[Dspace-tech] RE: [Dspace-general] DSpace assetstore

20 views
Skip to first unread message

Tansley, Robert

unread,
Aug 24, 2015, 3:35:00 PM8/24/15
to Grant Johnson, DSpace General, dspac...@lists.sourceforge.net
Hi Grant,

For future reference, the 'dspace-tech' list
(https://sourceforge.net/mail/?group_id=19984) is probably the best
forum for mails of a technical nature like this.
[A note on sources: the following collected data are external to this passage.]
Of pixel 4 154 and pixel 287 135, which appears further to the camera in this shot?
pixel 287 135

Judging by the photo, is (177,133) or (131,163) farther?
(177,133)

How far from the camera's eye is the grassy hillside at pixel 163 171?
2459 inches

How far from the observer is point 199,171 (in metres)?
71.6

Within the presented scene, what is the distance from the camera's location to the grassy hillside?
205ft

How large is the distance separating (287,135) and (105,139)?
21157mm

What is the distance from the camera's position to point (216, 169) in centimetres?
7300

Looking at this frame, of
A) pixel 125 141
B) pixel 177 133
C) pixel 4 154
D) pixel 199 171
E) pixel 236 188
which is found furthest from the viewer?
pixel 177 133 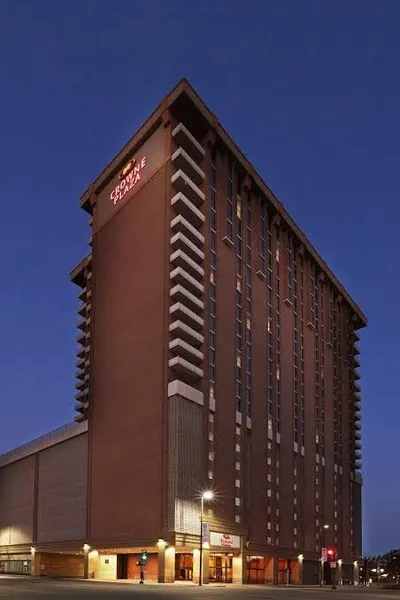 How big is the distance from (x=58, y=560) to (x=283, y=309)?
5637 cm

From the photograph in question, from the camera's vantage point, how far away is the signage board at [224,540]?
92.6 m

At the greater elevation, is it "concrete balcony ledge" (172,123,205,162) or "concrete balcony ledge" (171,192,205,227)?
"concrete balcony ledge" (172,123,205,162)

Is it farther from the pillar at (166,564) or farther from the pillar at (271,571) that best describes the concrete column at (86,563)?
the pillar at (271,571)

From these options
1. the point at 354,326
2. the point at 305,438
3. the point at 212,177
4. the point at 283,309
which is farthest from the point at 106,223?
the point at 354,326

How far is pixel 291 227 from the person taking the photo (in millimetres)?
130875

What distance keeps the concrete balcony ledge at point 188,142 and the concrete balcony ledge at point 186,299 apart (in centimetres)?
2126

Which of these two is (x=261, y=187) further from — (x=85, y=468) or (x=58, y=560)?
(x=58, y=560)

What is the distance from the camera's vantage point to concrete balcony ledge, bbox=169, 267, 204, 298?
93.7 metres

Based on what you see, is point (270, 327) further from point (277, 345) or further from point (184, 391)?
point (184, 391)

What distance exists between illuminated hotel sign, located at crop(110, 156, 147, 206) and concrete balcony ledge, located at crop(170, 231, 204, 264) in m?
15.1

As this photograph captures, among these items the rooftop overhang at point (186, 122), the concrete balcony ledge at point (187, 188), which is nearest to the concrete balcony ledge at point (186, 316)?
the concrete balcony ledge at point (187, 188)

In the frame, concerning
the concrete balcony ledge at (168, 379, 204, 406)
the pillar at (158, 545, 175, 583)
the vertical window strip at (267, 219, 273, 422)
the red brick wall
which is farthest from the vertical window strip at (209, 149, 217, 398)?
the pillar at (158, 545, 175, 583)

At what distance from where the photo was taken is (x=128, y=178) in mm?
108688

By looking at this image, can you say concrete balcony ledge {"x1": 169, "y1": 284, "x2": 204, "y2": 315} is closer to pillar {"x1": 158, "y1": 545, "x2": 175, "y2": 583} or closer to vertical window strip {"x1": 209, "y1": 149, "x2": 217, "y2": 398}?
vertical window strip {"x1": 209, "y1": 149, "x2": 217, "y2": 398} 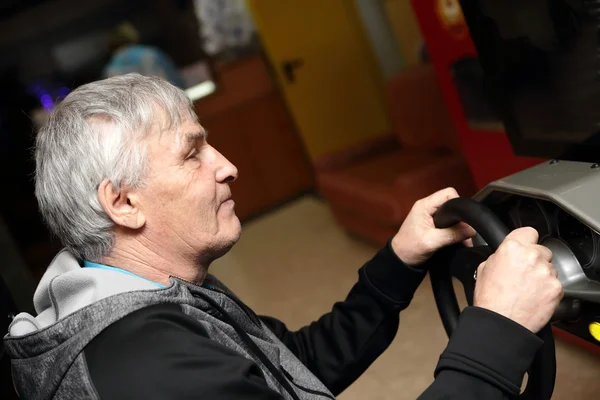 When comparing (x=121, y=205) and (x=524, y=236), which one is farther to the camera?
(x=121, y=205)

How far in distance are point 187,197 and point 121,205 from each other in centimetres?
12

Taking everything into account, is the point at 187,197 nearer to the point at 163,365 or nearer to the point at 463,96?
the point at 163,365

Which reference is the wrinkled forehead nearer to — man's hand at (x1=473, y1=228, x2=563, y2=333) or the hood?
the hood

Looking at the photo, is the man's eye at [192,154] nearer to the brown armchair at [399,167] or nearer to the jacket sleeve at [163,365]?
the jacket sleeve at [163,365]

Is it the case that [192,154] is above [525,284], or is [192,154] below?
above

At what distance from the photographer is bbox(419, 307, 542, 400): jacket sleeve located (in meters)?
0.93

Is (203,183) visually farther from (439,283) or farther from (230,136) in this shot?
(230,136)

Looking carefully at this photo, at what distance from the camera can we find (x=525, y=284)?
0.94 meters

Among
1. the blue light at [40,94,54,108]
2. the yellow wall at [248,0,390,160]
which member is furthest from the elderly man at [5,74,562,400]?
the blue light at [40,94,54,108]

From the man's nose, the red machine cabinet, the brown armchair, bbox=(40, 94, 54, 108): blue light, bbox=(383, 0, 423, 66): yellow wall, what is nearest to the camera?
the man's nose

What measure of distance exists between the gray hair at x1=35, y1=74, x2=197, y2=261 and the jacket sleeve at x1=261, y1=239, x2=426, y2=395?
0.53 metres

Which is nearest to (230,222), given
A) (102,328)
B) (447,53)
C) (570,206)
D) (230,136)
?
(102,328)

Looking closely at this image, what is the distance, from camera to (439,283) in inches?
50.2

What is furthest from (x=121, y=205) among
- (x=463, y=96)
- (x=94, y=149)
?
(x=463, y=96)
> I have withdrawn(and expunged) ALL of my test communities and
> Collections.
> Organizing the archivists to "build" their space.
> However - "old" documents, images etc...still exist in the
> ../dspace/assetstore.

When a bitstream is 'deleted' in DSpace, it's actually just tagged
'deleted'; the original file isn't immediately removed from the file
system. This allows 'rollback' functionality and is intended to help
prevent some nasty mistakes being made!

In order to actually delete files, the 'cleanup' script (by default,
/dspace/bin/cleanup) should be run. This should clear out the 'deleted'
files. If desired, this can be configured to run automatically every
night, weekend, month etc. as a 'cron' job on Unix/Linux or a Scheduled
Task on Windows XP.

Robert TANSLEY / HP Labs / MIT Visiting Researcher
http://www.hpl.hp.com/personal/Robert_Tansley/

Grant Johnson

unread,
Aug 24, 2015, 3:35:01 PM8/24/15
to Tansley, Robert, dspac...@lists.sourceforge.net
Thanks Robert,

Would the proper "Delete" process be to
1) Withdraw, Find the Item (by it's item number) and Expunge.
Then run the ./cleanup?
or
2) Just withdraw and run ./cleanup?

I have been doing #1 and then performing "maintenance" on the DSpace
Database itself in PGAdmin.

Tansley, Robert wrote:

>In order to actually delete files, the 'cleanup' script (by default,
>/dspace/bin/cleanup) should be run. This should clear out the 'deleted'
>files. If desired, this can be configured to run automatically every
>night, weekend, month etc. as a 'cron' job on Unix/Linux or a Scheduled
>Task on Windows XP.
>
-

F. Grant Johnson
566-0630 / fgjo...@upei.ca

Systems/Web Coordinator
RM 285 - Robertson Library
University of Prince Edward Island

***************
Attitude is IT!


Tansley, Robert

unread,
Aug 24, 2015, 3:35:03 PM8/24/15
to Grant Johnson, dspac...@lists.sourceforge.net
> Would the proper "Delete" process be to
> 1) Withdraw, Find the Item (by it's item number) and Expunge.
> Then run the ./cleanup?
> or
> 2) Just withdraw and run ./cleanup?

Withdrawing doesn't actually delete the bitstreams (even by tagging).
All 'withdraw' is intended to do is remove the item from public display,
while keeping the content and metadata 'in' and managed by the
repository.

Expunging is a distinct and separate operation, which completely blows
away the item, no need to 'withdraw' first.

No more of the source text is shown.